Die Frage nach dem Bösen kann man also auf zumindest zwei Arten stellen: einmal als die bange Frage: "Woher kommt es, daß Menschen anderen Menschen so viel Böses antun?" und zum anderen: "Woher kommt es, daß Menschen - vielleicht im Rahmen des Versuchs, mit dem vielen Bösen fertig zu werden, das ihnen passiert - dieses Böse als etwas ansehen, das außerhalb des einzelnen, konkreten Ereignisses und außerhalb des einzelnen, konkreten Menschen als 'das Böse' schlechthin, für manche auch als 'der Böse' (Geist, Teufel) existiert?"

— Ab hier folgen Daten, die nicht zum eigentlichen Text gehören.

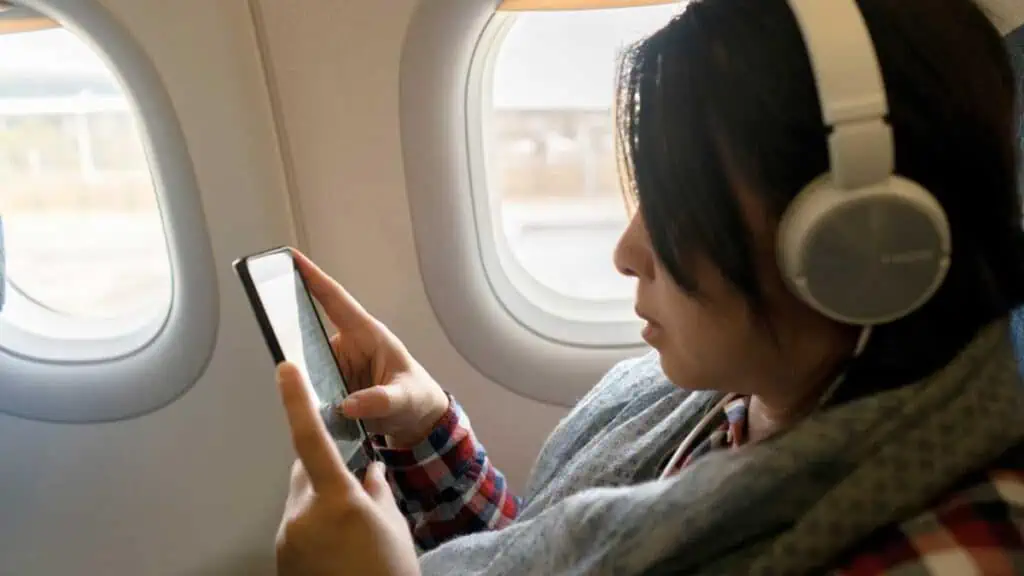What Happens When Someone Calls You on Airplane Mode? 1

Auch wenn man noch gar nicht religiöse Konzepte berücksichtigt, die manche Menschen dazu veranlassen, an den oder die Teufel zu glauben, muß man ja zunächst einmal festhalten, daß die Diskussion über "das Böse" eine ganz andere sprachliche Konstruktion ist als andere Substantivierungen, die nur scheinbar ähnlich funktionieren. Wenn wir etwa von "dem Schlaf" sprechen, dann denkt kaum jemand an eine von Menschen unabhängige, real existierende Kraft oder Energie, oder gar ein Geistwesen mit personalem Charakter, das oder die von irgendwoher kommt und vom Menschen in mehr oder weniger mächtiger Weise Besitz ergreift. Sondern "der Schlaf" ist nichts weiter als die schlichte Tatsache, daß Menschen schlafen. Und aus Gründen der sprachlichen Vereinfachung, weil es sich manchmal kürzer aussprechen läßt, haben wir "den Schlaf" erfunden, um damit die Tatsache auszudrücken, daß jemand schläft.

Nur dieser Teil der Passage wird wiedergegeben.